### TASK
The required output holds only the lines from the one containing "H&M Pantaloni: Short" through the end of the material below, copied exactly, please, with no pictures.

### INFORMATION SUPPLIED
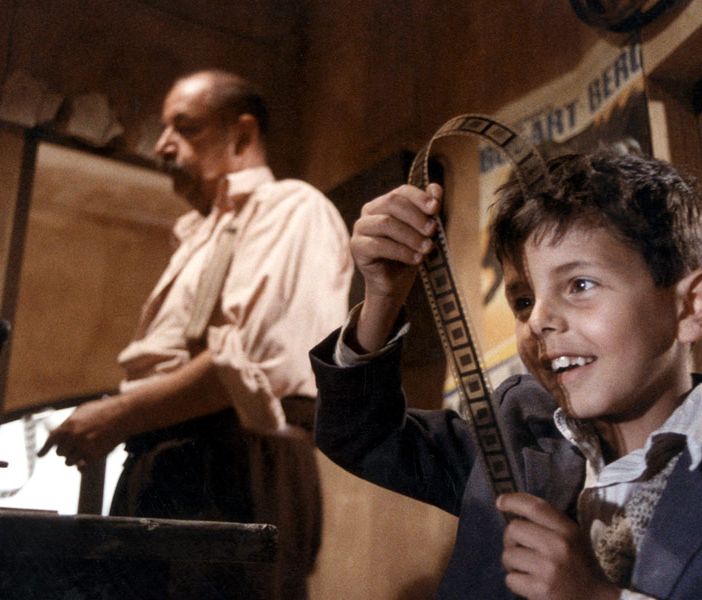 una scena di Nuovo Cinema Paradiso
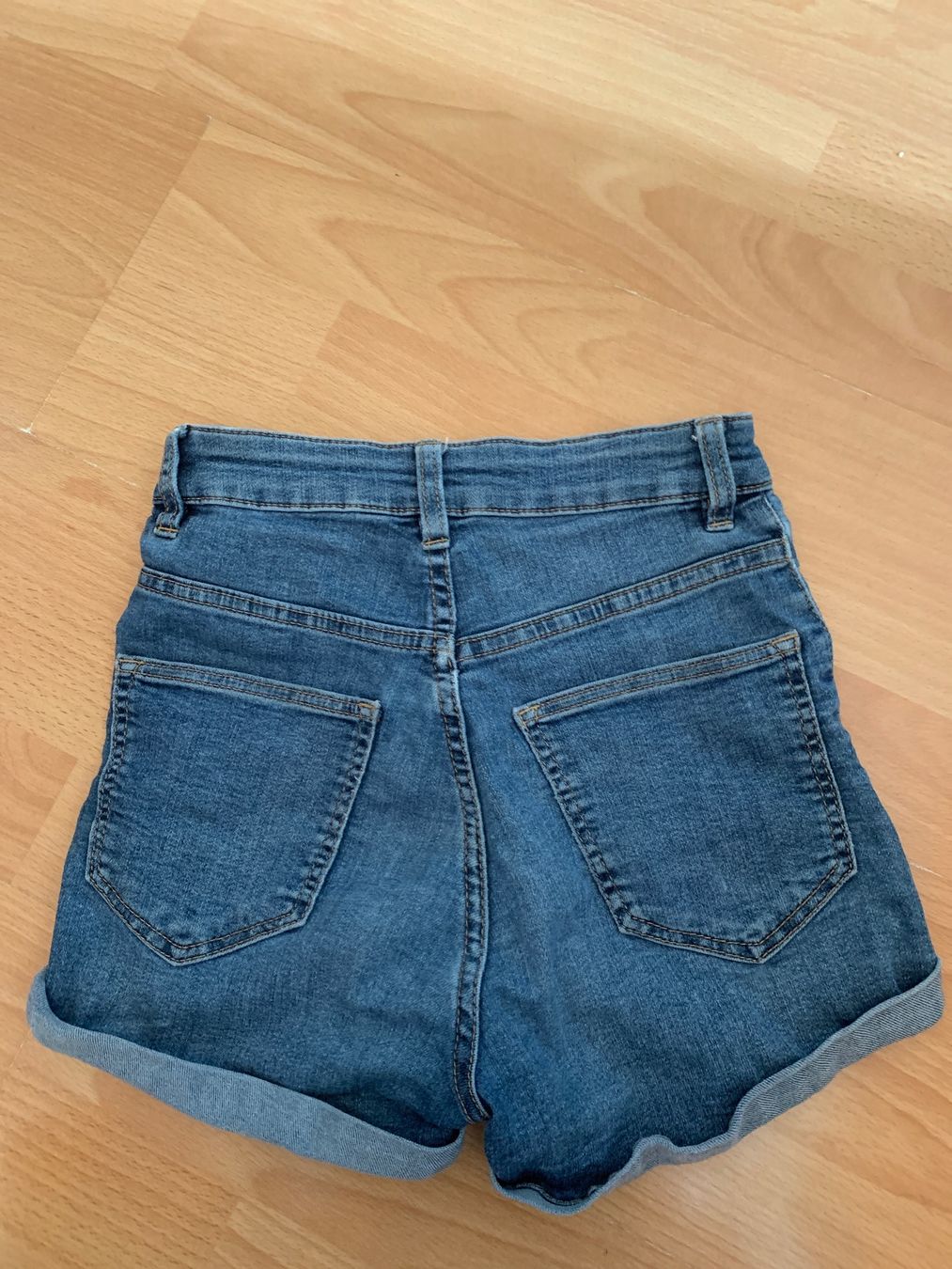 H&M Pantaloni: Short jeans H&M taille 30-32 – Usato da MEYRIN venduto da Gwendo10 1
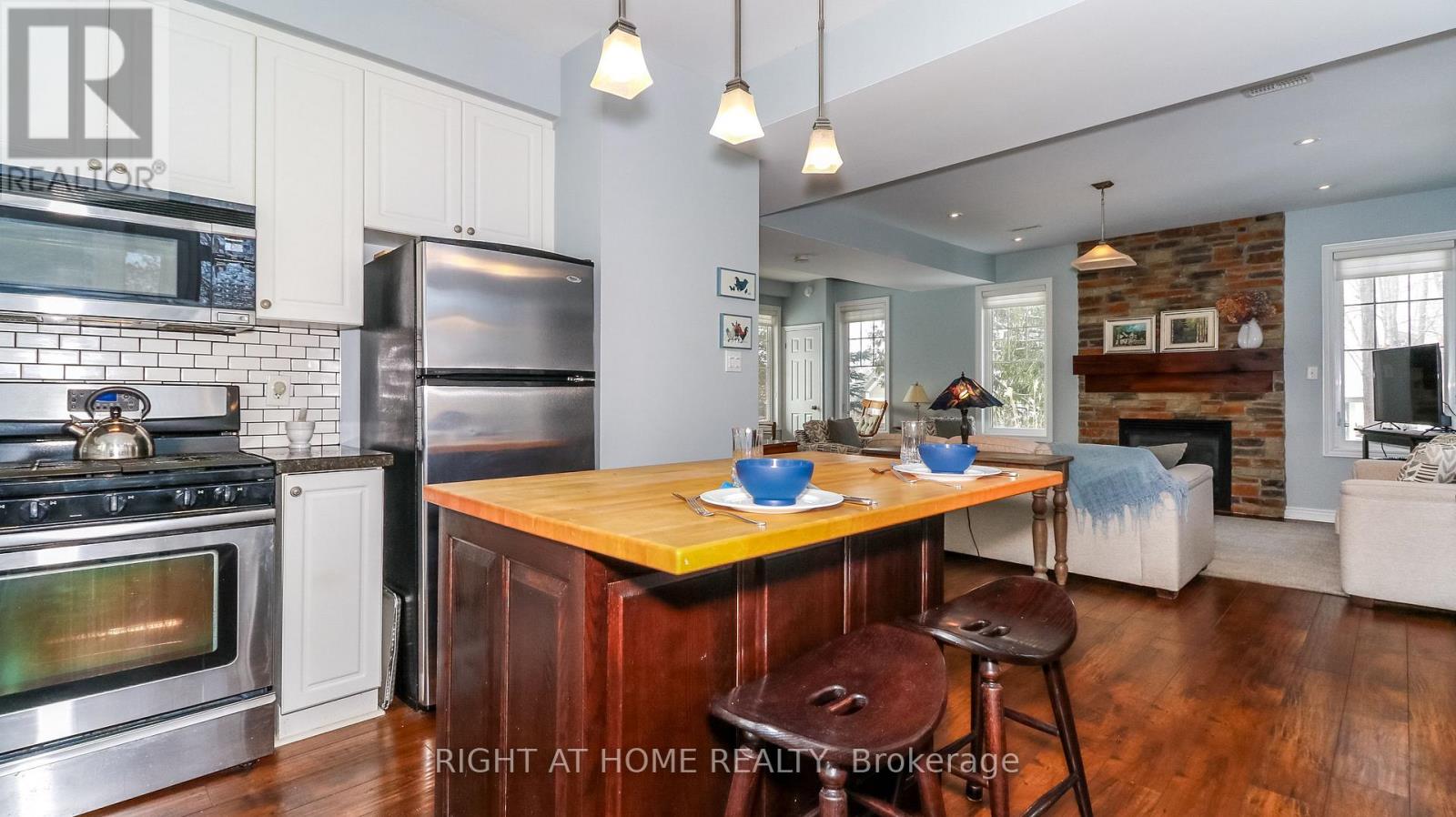 22 Marina Village Drive, Georgian Bay (Baxter), Ontario  L0K 1S0 - Photo 33 - X12208081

### COMPLETED EXERCISE
 H&M Pantaloni: Short jeans H&M taille 30-32 – Usato da MEYRIN venduto da Gwendo10 1
 22 Marina Village Drive, Georgian Bay (Baxter), Ontario  L0K 1S0 - Photo 33 - X12208081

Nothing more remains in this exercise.